I just wanted to get sense check on what it would actually be like to live in Houston (moving from Scotland).

I have got 2 offers on the table with my commpany - one for Calgary (Canada being my dream location) and the other a promotion in Houston (somewhere I have not been particularly keen on, especially being a single twenty something going it alone).

Does anyone have a direct comparison between the 2 cities i.e has lived/worked in both?

Can anyone give me any info on how easy/difficult it would be to live in Houston as a young (ish) single female?

I know this is pretty vague, but Houston has never been on the radar for me and EF seems to be the best place to get an idea from real people!

Thank you


----------



## BeenAround (Feb 5, 2012)

Thank you[/QUOTE]

Canada has a far superior health care system than the US, similar to what you are used to back home.

American taxes are lower, but by the time you add private health insurance and other costs it is cheaper in Calgary.

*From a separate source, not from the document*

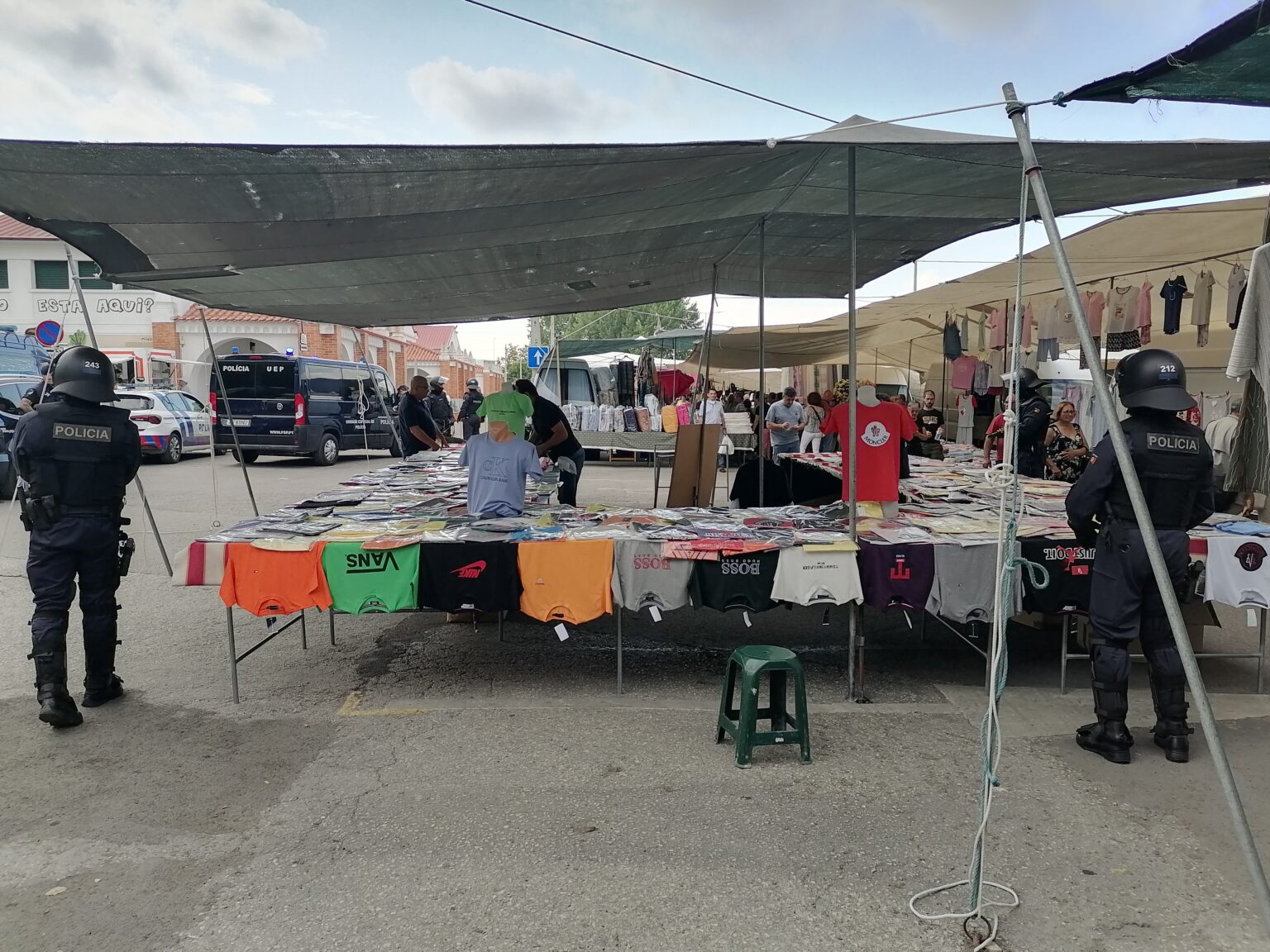 Polícia apreendeu 771 artigos contrafeitos no mercado semanal de Tomar psp mercado operacao policia IMG 20230908 101817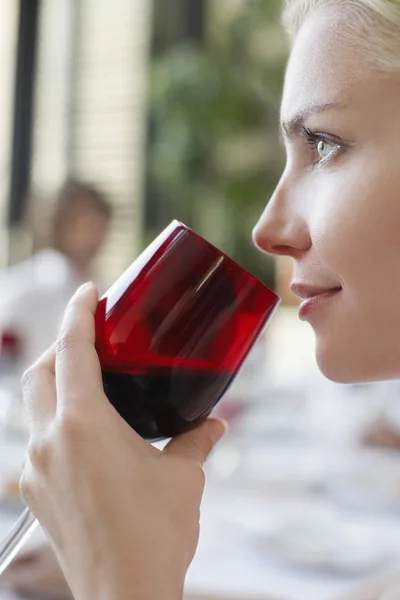 Frau trinkt Wein — Stockfoto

We have lived in both countries and more recently in Houston, we like the Woodlands (north of Houston) but Canada as a country is so much fairer on the people and much more relaxed.

If you like the seasons, cooler weather and a more European style of government then choose Canada. If you love hot oppressive weather for 5 month of the year and fighting with health insurance companies then choose Houston.

Hope this helps.


----------